A hordeolum (stye) is an acute bacterial inflammation of a lid gland. If several glands are affected at the same time, one speaks of a hordeolosis (several grains of barley).

For general information on the subject of "inflammation of the eye" please also read: Inflammation of the eye

Figure stye: A - eyes with stye and B - eyelids (top and bottom)

(Suppuration of a
Eyelash gland)

  1. Stye -
  2. Eyelashes (cilia) -
  3. Upper eyelid -
    Palpebrae superior
  4. Tears -
    Caruncula lacrimalis
  5. Lower eyelid -
    Inferior palpebrae
  6. Conjunctiva -
    Tunica conjunctiva
  7. Cornea -
  8. Eyelash gland -
    Glandulae sudoriferae
  9. Eye lens -
  10. Iris -

You can find an overview of all images from Dr-Gumpert under: medical images

Detecting a stye

What are the symptoms of a stye?

The barley grain (hordeolum) is characterized by:

  • severe pain in the affected area
  • Swelling and
  • a strong redness.
  • Pus in the eye

Usually there is a central point of pus. The inner stye usually shows more severe accompanying symptoms (e.g. conjunctivitis) than the hordeolum externum.

Read more on the topic: Eye pain

How is a stye diagnosed?

A hordeolum externum (external stye) can usually be diagnosed very quickly due to its location on the outer edge of the eyelid.

The stye is usually diagnosed by what is known as a visual diagnosis, so the doctor knows what problem he is dealing with just by looking at it once.
The hordeolum internum (inner stye), however, is only discovered when ectropioning (folding the song outwards so that the inner conjunctiva becomes visible).
The hailstone (chalazion), which is insensitive to pressure pain (pressure indolent), is the differential diagnosis (which disease is still in question?). For more information on this topic, see: Hailstone.
Inflammation of the lacrimal gland must also be ruled out.

Treating a stye

How is a stye treated?

As a rule, a stye heals spontaneously and without problems.
Various measures can be taken to support the healing process.

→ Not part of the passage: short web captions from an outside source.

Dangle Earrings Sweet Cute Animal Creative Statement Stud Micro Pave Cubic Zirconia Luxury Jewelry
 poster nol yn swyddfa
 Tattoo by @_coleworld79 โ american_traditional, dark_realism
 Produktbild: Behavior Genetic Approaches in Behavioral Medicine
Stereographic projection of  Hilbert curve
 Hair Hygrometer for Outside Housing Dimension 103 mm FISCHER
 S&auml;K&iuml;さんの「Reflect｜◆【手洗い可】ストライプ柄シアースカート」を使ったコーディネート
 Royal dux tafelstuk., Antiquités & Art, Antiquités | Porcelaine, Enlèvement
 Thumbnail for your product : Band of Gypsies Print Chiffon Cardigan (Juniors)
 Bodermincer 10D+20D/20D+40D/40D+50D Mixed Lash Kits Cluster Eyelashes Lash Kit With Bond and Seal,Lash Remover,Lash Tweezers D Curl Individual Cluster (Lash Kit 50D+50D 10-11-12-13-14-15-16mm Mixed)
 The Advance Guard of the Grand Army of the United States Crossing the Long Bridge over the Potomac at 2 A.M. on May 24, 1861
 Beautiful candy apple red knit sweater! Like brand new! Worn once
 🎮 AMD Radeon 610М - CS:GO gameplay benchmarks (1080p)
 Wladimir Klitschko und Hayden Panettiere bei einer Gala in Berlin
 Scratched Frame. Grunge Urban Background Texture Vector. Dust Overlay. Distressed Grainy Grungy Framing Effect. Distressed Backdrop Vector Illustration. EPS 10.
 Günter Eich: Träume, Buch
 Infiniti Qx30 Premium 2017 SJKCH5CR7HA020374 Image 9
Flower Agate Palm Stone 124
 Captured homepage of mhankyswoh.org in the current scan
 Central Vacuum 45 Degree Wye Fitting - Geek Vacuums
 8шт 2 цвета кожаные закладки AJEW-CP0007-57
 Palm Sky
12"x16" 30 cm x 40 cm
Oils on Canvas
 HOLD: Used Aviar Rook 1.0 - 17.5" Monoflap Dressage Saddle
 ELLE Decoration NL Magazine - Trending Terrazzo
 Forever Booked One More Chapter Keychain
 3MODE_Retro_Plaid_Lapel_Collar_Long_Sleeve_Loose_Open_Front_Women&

Further information is available from: How do you treat a stye?

Is a stye treated conservatively?

In the acute stage, dry warmth (e.g. Red light exposure) cause a breakthrough of the pus or a more rapid encapsulation, and thus a faster healing of the stye. In general, care should be taken not to use your hands to transport the bacteria from the diseased to the healthy eye.

  • Red light therapy

Red light or infrared light is also referred to as thermal radiation. In contrast to conventional white light, the long-wave red light rays penetrate deeper into the skin. They gently heat the underlying tissue without damaging the surface of the skin. The local metabolism is stimulated by the slowly rising temperatures in the irradiated region. The blood flow increases and the body's defense cells reach the inflammation faster.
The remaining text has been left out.